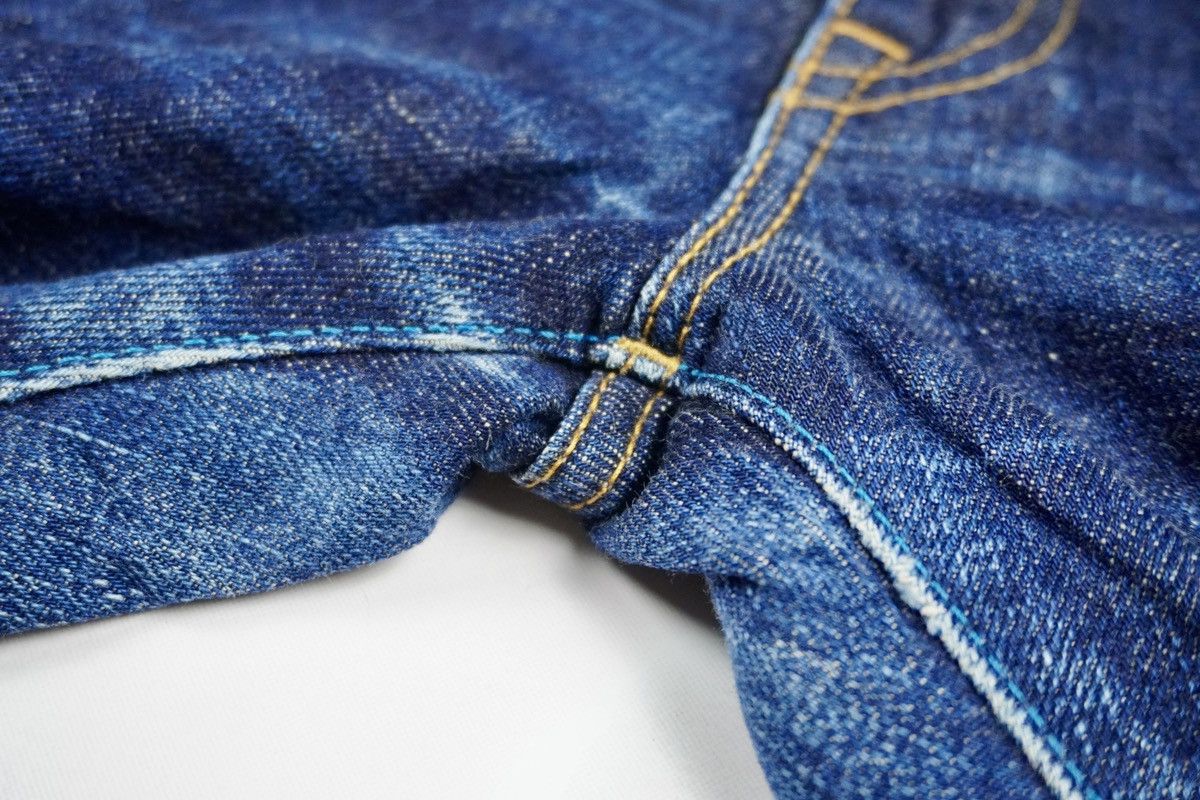 Japan Blue Jeans × Japanese Brand Japan Blue Jeans LOT JB10004 redline selvedge blue lining Size US 30 / EU 46 - 5 Thumbnail
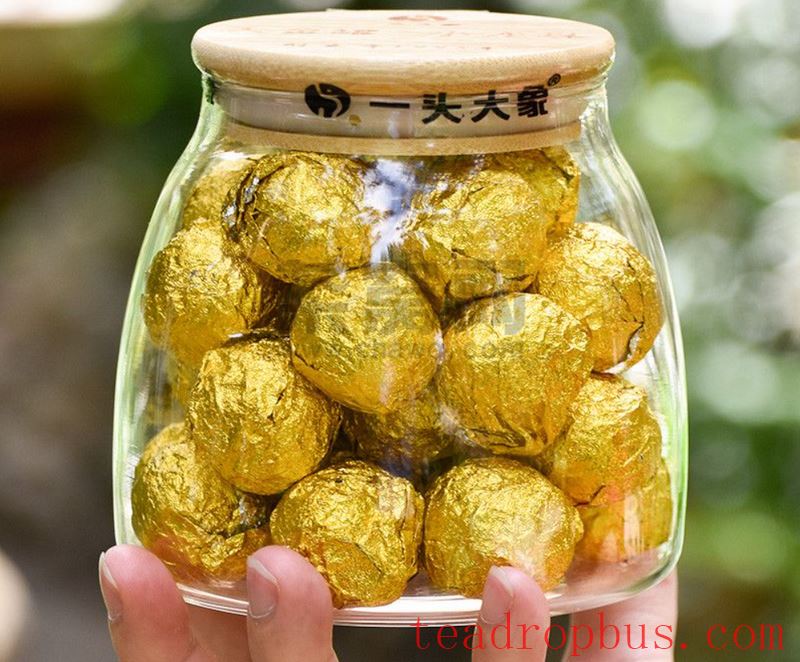 Brewing Pu'er Tea Dragon Pearls for Optimal Flavor-1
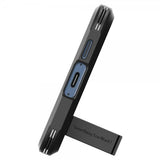Spigen Samsung Galaxy A55 Suojakuori Tough Armor Musta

# What this task involves
Print the data once more without any change, skipping each picture.

# Answer to this problem
 Japan Blue Jeans × Japanese Brand Japan Blue Jeans LOT JB10004 redline selvedge blue lining Size US 30 / EU 46 - 5 Thumbnail
 Brewing Pu'er Tea Dragon Pearls for Optimal Flavor-1
Spigen Samsung Galaxy A55 Suojakuori Tough Armor Musta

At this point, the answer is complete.